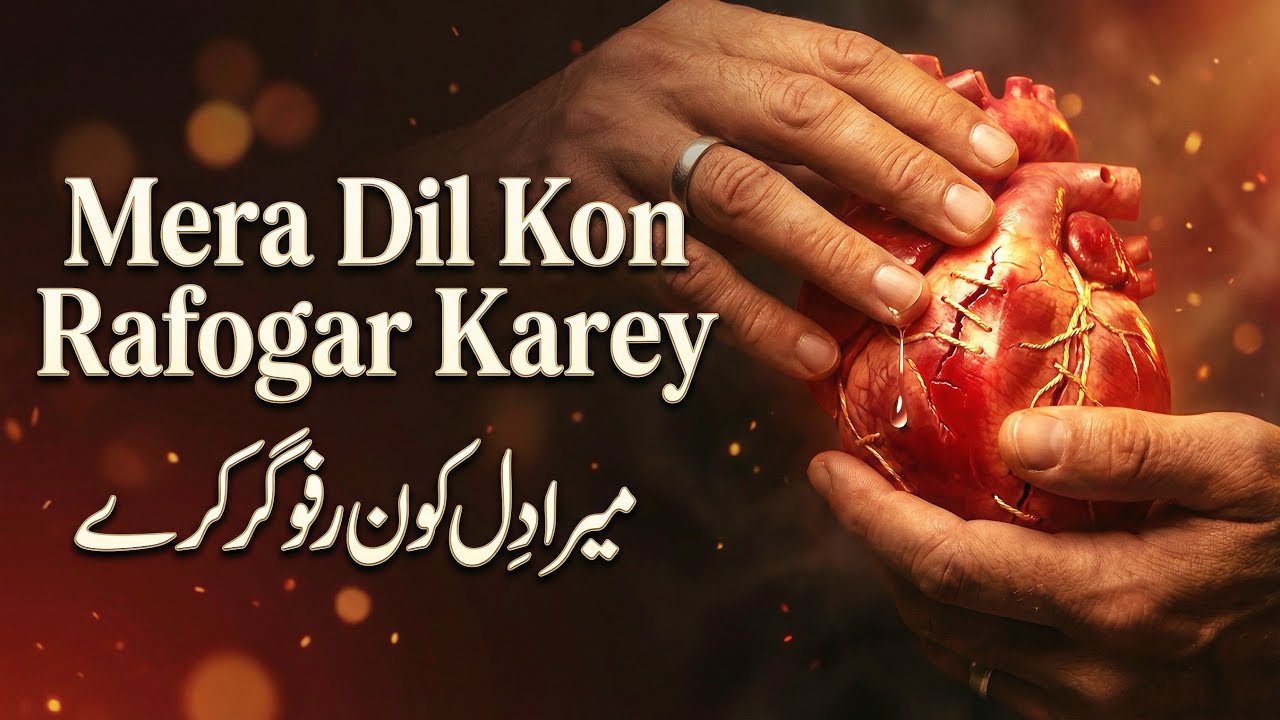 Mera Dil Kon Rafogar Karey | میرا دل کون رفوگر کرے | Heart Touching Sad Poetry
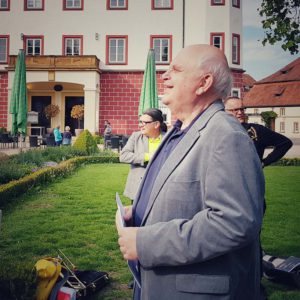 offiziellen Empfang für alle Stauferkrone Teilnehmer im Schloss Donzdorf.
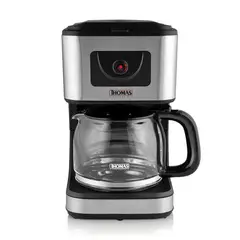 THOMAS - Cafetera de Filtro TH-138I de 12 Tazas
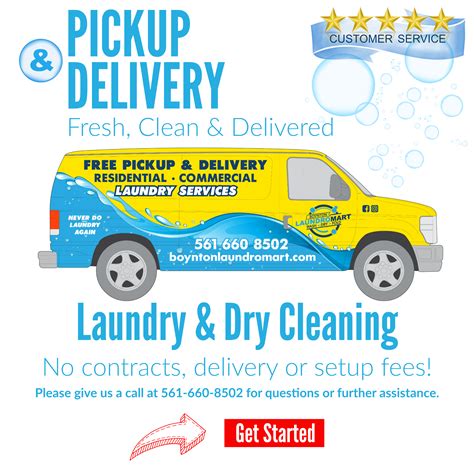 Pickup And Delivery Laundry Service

...

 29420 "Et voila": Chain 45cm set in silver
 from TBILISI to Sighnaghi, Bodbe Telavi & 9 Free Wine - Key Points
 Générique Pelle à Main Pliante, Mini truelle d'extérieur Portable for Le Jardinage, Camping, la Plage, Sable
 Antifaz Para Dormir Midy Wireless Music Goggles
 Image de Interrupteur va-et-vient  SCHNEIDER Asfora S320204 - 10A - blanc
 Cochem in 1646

■ Work to be completed ■
Here the job is to set down exactly the lines of the material above that fall between the one with "Image de Interrupteur" and the one with "Cochem in 1646", inclusive, and nothing beyond them.

■ Response ■
 Image de Interrupteur va-et-vient  SCHNEIDER Asfora S320204 - 10A - blanc
 Cochem in 1646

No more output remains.